[TASK INPUT — start]
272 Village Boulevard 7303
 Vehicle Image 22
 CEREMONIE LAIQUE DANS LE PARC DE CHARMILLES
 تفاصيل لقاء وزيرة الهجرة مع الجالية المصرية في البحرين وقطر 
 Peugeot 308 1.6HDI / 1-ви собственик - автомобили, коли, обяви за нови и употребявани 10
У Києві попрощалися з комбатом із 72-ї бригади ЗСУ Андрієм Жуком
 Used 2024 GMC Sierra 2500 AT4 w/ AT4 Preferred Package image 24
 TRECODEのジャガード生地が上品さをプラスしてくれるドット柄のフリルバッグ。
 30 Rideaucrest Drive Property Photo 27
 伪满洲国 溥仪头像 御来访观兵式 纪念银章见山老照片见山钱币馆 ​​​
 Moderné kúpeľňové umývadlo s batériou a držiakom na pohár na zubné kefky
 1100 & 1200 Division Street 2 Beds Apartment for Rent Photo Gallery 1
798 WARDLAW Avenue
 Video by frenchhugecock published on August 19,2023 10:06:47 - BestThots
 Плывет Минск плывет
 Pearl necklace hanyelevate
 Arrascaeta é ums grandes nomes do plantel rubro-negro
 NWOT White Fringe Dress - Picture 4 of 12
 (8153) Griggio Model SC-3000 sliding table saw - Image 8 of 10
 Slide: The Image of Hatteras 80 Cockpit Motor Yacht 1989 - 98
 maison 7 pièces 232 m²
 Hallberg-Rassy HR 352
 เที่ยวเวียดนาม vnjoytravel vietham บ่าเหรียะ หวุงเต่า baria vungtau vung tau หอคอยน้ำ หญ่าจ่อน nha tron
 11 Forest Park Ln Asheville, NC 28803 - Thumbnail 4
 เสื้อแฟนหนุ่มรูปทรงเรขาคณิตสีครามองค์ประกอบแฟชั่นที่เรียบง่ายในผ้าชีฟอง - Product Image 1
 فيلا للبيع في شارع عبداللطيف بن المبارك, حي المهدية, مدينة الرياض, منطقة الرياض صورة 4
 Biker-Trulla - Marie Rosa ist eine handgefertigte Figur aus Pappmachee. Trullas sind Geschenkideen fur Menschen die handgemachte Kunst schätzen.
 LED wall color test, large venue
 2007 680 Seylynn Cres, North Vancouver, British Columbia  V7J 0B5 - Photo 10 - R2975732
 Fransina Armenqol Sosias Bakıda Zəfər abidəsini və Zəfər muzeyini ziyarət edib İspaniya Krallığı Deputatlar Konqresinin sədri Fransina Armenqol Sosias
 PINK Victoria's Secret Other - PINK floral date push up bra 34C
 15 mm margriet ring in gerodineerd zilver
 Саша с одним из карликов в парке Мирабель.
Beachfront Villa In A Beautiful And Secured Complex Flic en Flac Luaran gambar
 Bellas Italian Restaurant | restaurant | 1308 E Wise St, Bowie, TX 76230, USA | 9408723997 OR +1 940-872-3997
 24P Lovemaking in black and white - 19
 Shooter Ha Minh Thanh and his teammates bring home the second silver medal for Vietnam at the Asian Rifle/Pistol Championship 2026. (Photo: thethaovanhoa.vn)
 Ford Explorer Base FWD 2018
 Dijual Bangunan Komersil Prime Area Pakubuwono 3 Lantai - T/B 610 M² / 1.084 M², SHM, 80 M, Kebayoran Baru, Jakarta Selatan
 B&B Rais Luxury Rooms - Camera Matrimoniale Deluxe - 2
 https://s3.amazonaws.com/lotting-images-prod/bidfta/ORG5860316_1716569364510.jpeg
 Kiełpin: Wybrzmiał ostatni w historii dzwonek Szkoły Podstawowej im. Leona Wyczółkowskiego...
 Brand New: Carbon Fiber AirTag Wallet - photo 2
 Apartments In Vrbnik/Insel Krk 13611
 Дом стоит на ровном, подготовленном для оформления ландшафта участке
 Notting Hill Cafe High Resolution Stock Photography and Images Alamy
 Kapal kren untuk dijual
[TASK INPUT — finish]
## REQUIRED WORK:
Copy only this part of the entries above: the line with "فيلا للبيع في", the line with "LED wall color test, large venue", and the lines between, all exactly as written.

## OUTPUT:
 فيلا للبيع في شارع عبداللطيف بن المبارك, حي المهدية, مدينة الرياض, منطقة الرياض صورة 4
 Biker-Trulla - Marie Rosa ist eine handgefertigte Figur aus Pappmachee. Trullas sind Geschenkideen fur Menschen die handgemachte Kunst schätzen.
 LED wall color test, large venue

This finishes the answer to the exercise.